> _Your assignment_: Repeat every entry exactly. Pictures stay out.

Material provided Start Marker

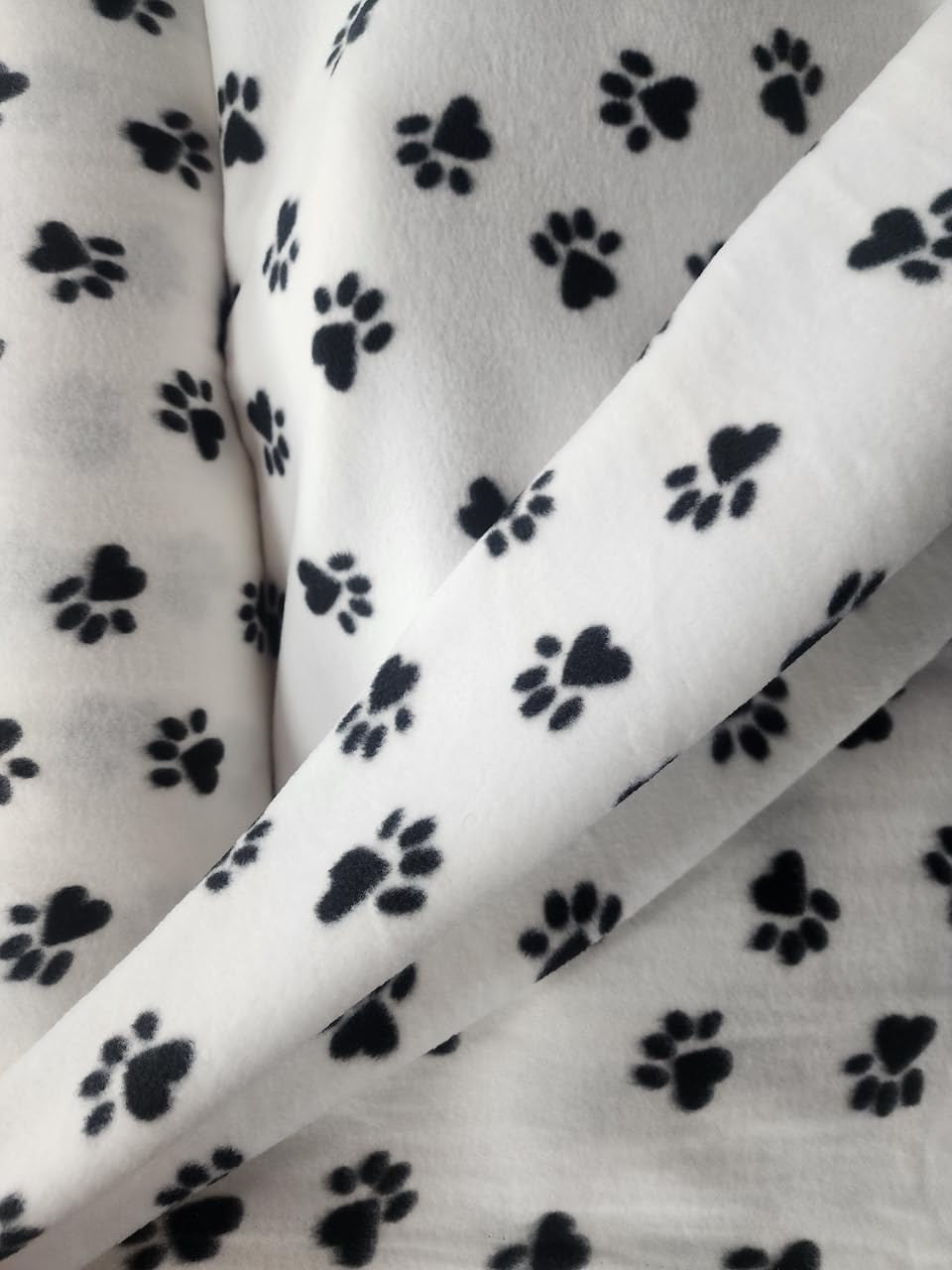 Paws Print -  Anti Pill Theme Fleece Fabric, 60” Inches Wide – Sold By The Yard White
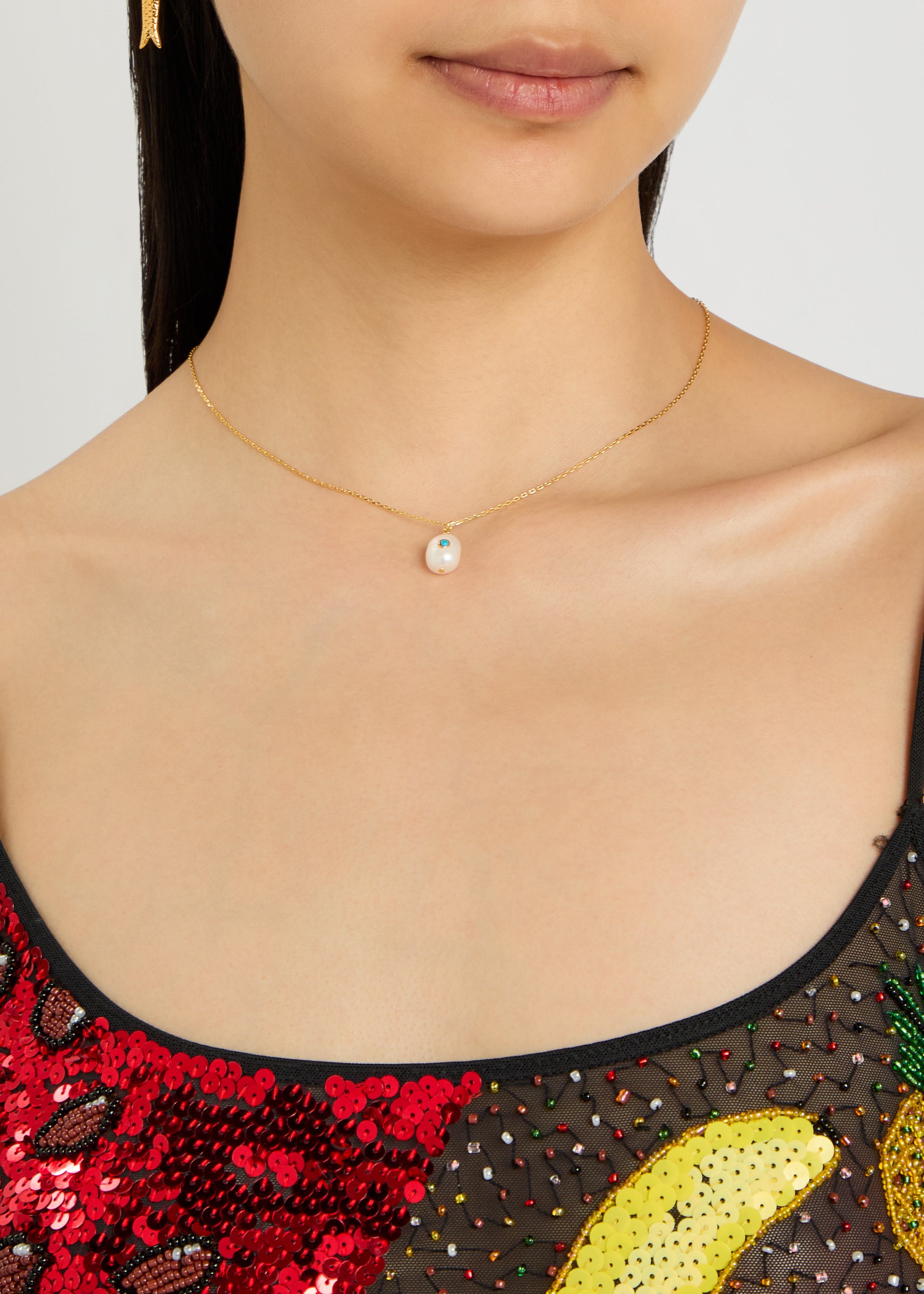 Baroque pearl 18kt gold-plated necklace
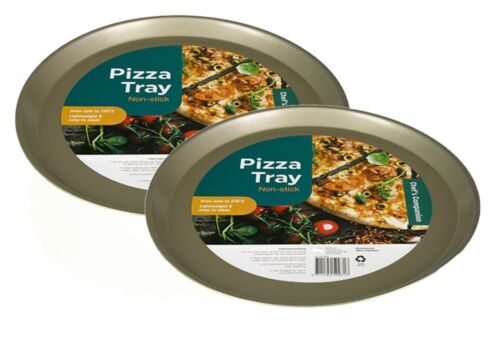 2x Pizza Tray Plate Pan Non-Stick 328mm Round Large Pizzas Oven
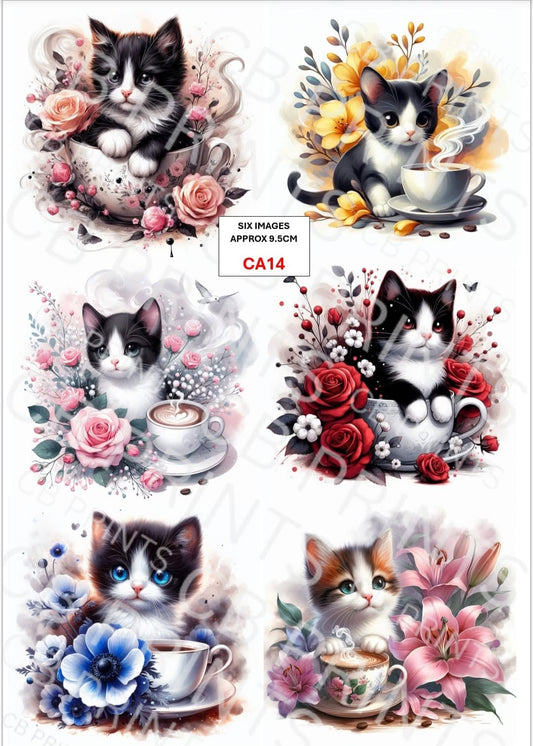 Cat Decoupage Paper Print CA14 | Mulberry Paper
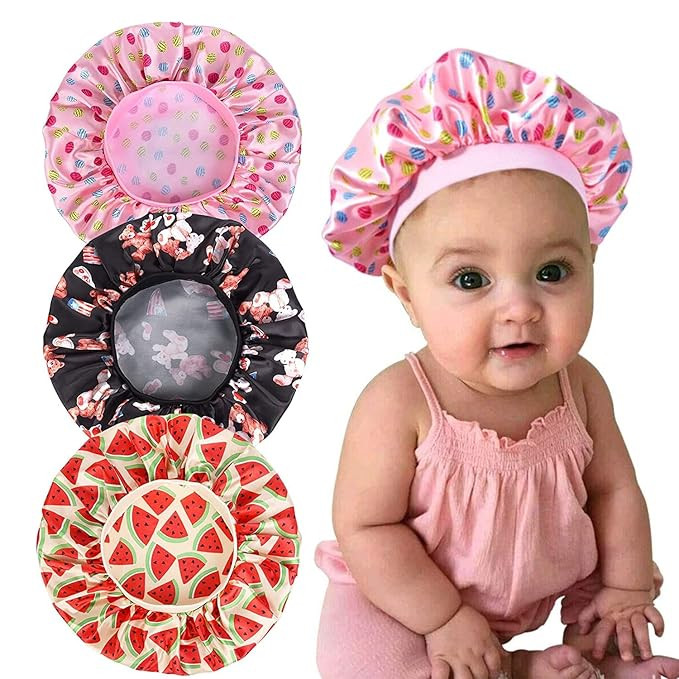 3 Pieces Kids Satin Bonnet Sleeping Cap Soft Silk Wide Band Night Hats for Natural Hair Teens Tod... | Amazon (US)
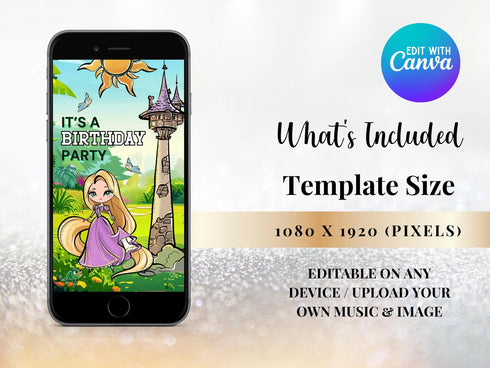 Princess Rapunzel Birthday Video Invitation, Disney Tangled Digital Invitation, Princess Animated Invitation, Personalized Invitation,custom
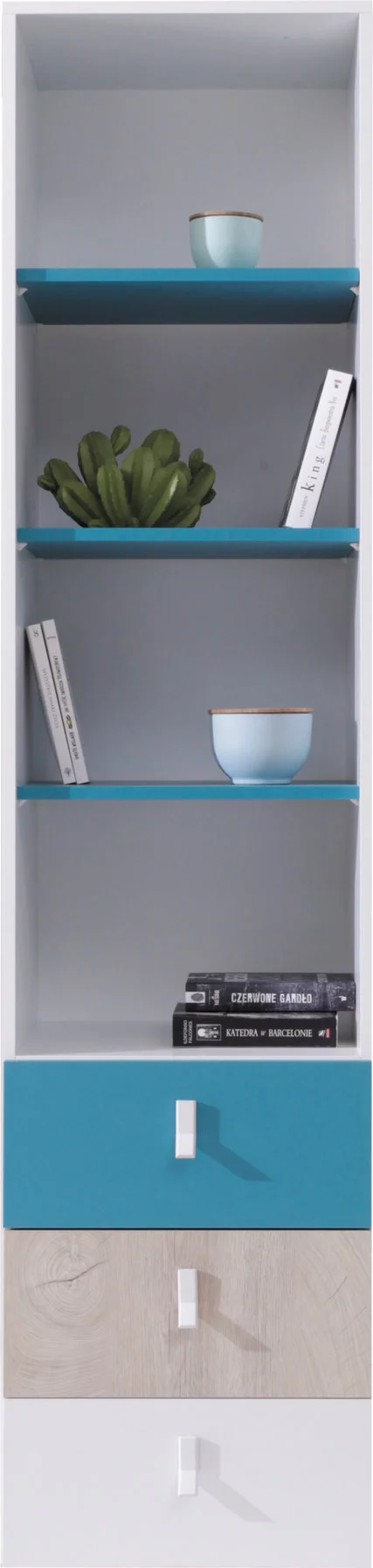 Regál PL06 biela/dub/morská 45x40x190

Material provided End Marker

> _Solution for this task_:
 Paws Print -  Anti Pill Theme Fleece Fabric, 60” Inches Wide – Sold By The Yard White
 Baroque pearl 18kt gold-plated necklace
 2x Pizza Tray Plate Pan Non-Stick 328mm Round Large Pizzas Oven
 Cat Decoupage Paper Print CA14 | Mulberry Paper
 3 Pieces Kids Satin Bonnet Sleeping Cap Soft Silk Wide Band Night Hats for Natural Hair Teens Tod... | Amazon (US)
 Princess Rapunzel Birthday Video Invitation, Disney Tangled Digital Invitation, Princess Animated Invitation, Personalized Invitation,custom
 Regál PL06 biela/dub/morská 45x40x190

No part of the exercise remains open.